-- INPUT FOR THIS TASK follows --

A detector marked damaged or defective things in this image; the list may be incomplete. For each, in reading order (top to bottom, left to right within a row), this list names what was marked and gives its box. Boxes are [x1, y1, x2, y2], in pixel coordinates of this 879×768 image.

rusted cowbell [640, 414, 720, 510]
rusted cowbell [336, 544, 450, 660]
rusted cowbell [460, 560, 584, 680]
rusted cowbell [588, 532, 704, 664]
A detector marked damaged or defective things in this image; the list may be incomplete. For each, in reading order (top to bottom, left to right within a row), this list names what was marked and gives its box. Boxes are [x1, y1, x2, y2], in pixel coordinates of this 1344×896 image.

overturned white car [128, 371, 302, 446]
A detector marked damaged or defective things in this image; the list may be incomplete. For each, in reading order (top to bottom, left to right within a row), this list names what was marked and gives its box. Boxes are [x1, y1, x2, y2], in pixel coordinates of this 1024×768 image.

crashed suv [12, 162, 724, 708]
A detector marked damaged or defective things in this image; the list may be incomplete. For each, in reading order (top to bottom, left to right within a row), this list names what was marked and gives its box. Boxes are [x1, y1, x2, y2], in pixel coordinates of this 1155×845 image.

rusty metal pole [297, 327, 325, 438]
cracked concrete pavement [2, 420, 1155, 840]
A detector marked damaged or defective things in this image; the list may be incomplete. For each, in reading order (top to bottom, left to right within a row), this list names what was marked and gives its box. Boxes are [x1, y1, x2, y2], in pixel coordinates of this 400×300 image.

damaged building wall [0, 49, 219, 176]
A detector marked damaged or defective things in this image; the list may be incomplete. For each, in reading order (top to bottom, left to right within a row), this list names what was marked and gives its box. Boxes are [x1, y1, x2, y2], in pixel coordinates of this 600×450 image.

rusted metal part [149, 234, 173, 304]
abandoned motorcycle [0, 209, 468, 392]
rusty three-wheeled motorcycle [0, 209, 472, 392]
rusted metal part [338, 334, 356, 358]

-- INPUT FOR THIS TASK concluded --

TASK TO COMPLETE
Starting at the line that holds "this 600×450 image.", retype each line exactly through the end of the entries, both ends included.

RESPONSE AREA
A detector marked damaged or defective things in this image; the list may be incomplete. For each, in reading order (top to bottom, left to right within a row), this list names what was marked and gives its box. Boxes are [x1, y1, x2, y2], in pixel coordinates of this 600×450 image.

rusted metal part [149, 234, 173, 304]
abandoned motorcycle [0, 209, 468, 392]
rusty three-wheeled motorcycle [0, 209, 472, 392]
rusted metal part [338, 334, 356, 358]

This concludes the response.